Testkube Execution Cost Analyzer Agent

An AI Agent that analyzes execution patterns across your workflows to identify where time and resources are being spent, which workflows are most expensive to run, and where optimization efforts would have the highest impact.

Requirements

An Execution Cost Analyzer Agent requires:

  • Access to workflow metrics, execution history, and resource data — provided by the integrated Testkube MCP Server.

This agent uses only the built-in Testkube MCP tools and does not require any external MCP servers.

Optionally, it can also be set up to:

  • Run on a schedule via AI Agent Triggers for periodic cost reporting
  • Suggest workflow definition changes using update_workflow (with approval)

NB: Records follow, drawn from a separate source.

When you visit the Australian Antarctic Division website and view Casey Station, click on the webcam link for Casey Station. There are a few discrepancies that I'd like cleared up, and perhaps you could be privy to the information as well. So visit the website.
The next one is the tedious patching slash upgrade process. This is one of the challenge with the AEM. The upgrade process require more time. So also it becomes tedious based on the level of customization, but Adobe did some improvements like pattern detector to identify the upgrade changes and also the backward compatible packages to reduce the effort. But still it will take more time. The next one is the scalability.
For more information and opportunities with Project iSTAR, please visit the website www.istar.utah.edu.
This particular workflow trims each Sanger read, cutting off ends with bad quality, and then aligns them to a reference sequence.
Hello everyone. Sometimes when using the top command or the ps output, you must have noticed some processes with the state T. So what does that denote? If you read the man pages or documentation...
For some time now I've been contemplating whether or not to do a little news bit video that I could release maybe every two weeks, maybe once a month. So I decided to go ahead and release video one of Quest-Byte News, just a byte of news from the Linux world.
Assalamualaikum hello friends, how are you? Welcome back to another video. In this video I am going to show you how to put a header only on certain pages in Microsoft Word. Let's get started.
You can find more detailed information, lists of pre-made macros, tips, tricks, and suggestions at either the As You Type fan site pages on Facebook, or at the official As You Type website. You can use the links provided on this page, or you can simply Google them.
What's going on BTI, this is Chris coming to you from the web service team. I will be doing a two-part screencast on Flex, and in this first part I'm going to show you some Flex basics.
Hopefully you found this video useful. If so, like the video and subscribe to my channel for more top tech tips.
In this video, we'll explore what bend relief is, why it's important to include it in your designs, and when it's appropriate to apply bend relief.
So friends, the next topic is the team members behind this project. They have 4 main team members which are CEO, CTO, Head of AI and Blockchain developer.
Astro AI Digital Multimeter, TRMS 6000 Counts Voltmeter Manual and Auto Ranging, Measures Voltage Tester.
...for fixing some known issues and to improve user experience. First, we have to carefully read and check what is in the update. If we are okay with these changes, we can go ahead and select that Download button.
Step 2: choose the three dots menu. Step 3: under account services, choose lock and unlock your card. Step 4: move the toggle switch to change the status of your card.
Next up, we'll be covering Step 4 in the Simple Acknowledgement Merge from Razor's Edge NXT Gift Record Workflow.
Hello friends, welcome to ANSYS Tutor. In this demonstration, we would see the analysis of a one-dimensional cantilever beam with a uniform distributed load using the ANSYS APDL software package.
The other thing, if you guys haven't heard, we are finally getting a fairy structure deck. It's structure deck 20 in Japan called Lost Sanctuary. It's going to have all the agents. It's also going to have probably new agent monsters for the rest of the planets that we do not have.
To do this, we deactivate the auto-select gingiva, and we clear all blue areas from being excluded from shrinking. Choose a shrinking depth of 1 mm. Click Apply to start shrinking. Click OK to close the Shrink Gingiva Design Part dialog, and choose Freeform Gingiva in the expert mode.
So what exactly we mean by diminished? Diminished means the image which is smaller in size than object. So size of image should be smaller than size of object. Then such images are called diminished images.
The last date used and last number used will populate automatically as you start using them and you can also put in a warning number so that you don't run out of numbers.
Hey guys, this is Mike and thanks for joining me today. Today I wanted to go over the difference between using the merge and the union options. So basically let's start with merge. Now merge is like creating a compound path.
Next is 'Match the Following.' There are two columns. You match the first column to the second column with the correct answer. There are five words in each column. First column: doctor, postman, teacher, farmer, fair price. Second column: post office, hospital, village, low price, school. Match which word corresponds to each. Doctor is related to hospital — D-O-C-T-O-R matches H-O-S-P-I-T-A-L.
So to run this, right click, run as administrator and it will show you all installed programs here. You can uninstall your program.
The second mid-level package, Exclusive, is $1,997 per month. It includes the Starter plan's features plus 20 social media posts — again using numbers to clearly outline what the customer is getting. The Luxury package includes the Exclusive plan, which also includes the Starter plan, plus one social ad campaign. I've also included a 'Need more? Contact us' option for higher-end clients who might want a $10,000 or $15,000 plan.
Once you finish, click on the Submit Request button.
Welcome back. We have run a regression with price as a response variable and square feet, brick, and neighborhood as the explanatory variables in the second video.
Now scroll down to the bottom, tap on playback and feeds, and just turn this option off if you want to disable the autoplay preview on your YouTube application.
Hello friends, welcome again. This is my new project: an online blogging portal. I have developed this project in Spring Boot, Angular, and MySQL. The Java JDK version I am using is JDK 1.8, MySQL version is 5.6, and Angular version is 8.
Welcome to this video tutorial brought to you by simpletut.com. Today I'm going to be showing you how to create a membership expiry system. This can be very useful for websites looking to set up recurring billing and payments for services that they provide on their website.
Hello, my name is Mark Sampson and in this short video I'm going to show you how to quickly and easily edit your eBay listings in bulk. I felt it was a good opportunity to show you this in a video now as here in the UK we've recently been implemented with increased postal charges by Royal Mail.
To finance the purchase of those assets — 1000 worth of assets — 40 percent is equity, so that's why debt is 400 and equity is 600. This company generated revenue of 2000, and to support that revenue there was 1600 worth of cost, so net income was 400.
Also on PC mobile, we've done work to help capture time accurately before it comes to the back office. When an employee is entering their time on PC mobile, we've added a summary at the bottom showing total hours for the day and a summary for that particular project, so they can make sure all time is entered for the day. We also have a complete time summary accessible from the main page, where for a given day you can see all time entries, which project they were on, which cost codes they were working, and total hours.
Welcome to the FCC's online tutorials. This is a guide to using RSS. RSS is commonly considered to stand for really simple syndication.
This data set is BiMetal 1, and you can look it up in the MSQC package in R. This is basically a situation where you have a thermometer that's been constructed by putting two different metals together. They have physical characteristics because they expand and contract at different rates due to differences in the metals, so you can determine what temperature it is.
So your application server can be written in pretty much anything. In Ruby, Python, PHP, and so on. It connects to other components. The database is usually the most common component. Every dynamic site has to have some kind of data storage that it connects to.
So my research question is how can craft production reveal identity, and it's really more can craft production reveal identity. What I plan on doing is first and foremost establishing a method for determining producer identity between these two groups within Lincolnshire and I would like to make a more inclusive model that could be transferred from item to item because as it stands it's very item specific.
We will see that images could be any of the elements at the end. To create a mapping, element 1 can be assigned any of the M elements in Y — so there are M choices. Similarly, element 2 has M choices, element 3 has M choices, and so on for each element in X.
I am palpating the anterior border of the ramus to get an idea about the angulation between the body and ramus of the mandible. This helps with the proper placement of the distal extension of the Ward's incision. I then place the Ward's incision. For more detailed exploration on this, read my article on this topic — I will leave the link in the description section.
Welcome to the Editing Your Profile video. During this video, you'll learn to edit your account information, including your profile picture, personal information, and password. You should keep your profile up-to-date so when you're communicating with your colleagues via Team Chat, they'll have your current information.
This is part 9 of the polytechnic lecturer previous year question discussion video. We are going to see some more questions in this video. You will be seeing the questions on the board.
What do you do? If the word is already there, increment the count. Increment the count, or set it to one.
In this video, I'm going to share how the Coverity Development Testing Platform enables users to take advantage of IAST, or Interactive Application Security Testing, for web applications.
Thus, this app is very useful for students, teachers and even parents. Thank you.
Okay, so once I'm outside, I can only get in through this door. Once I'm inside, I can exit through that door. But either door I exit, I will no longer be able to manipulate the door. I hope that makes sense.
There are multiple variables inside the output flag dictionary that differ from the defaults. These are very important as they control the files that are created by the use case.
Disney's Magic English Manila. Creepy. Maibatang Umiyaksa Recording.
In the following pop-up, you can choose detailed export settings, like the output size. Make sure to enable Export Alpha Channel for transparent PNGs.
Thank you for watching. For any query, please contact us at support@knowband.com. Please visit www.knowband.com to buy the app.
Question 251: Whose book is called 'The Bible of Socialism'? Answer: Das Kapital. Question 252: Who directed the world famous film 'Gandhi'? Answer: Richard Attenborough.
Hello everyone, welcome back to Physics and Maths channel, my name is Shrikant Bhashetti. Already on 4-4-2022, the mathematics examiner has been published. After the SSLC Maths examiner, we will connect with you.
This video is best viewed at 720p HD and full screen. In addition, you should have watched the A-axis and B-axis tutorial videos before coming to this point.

Create the Execution Cost Analyzer AI Agent

Create an AI Agent as described at Creating an AI Agent, name it what you want and set the prompt to the following (feel free to adapt it to your needs!):

You are a test infrastructure cost optimization expert. Analyze workflow execution patterns to identify inefficiencies and recommend concrete optimizations to reduce execution time and resource consumption.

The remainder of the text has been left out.